* [Problem details]
Once the images are removed, set down everything else in the listing below exactly.

* [Raw data]
+--

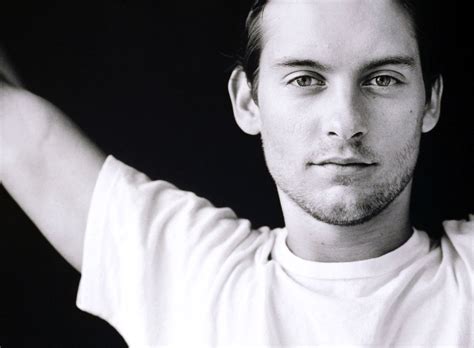 He got his start when he was just a teenager, appearing in small roles in films and on television. Tobey Maguire weight, height and age. We know it all!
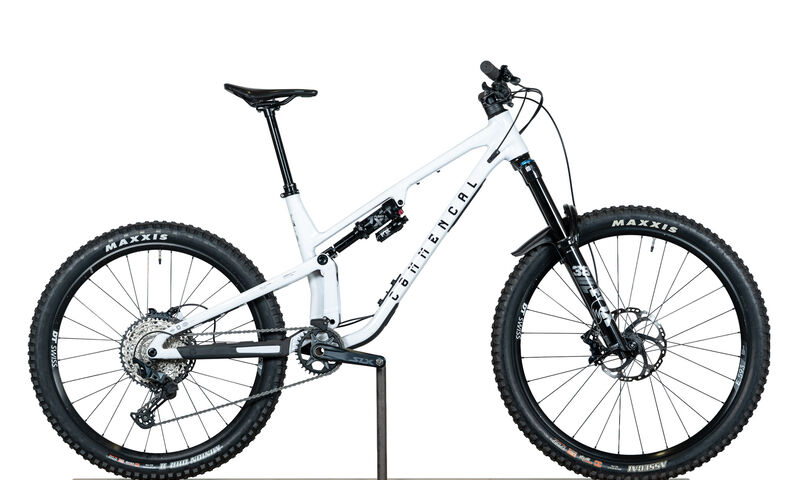 COMMENCAL META SX V5 ESSENTIAL PURE WHITE - L (25130303)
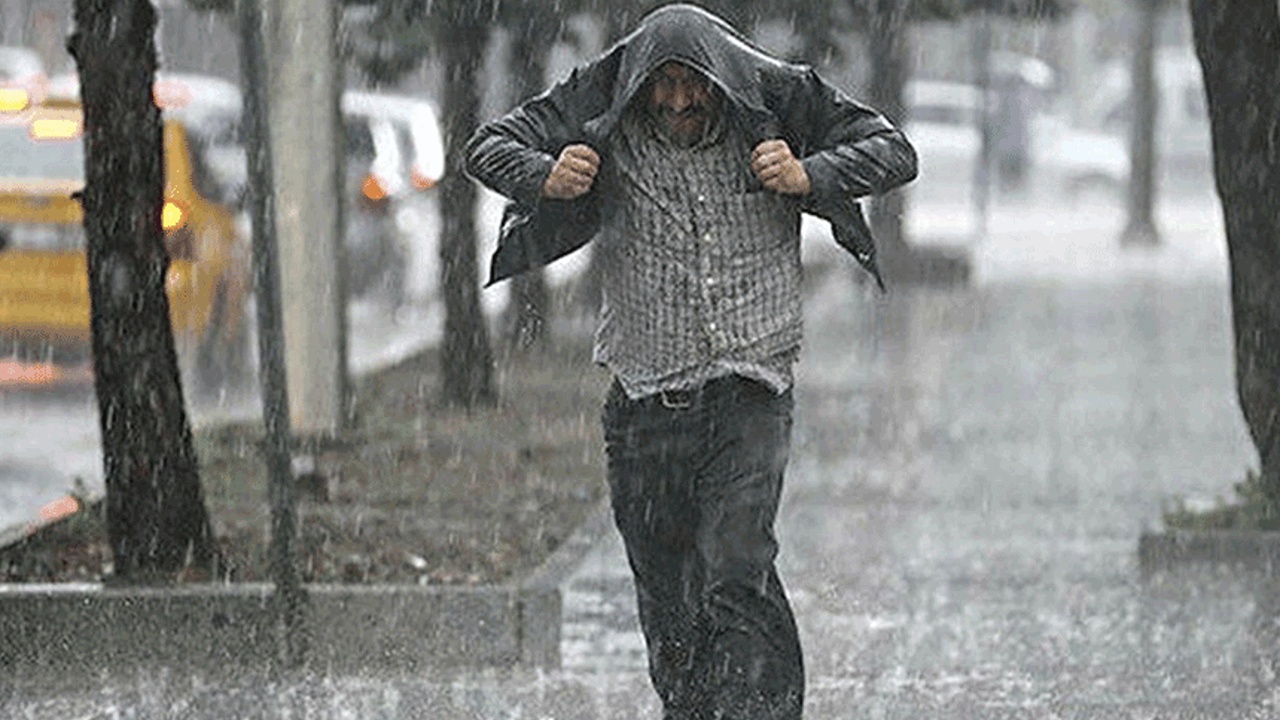 Meteoroloji Saat Verdi, Yağışlar Geri Dönüyor!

+--

* [Answer area]
 He got his start when he was just a teenager, appearing in small roles in films and on television. Tobey Maguire weight, height and age. We know it all!
 COMMENCAL META SX V5 ESSENTIAL PURE WHITE - L (25130303)
 Meteoroloji Saat Verdi, Yağışlar Geri Dönüyor!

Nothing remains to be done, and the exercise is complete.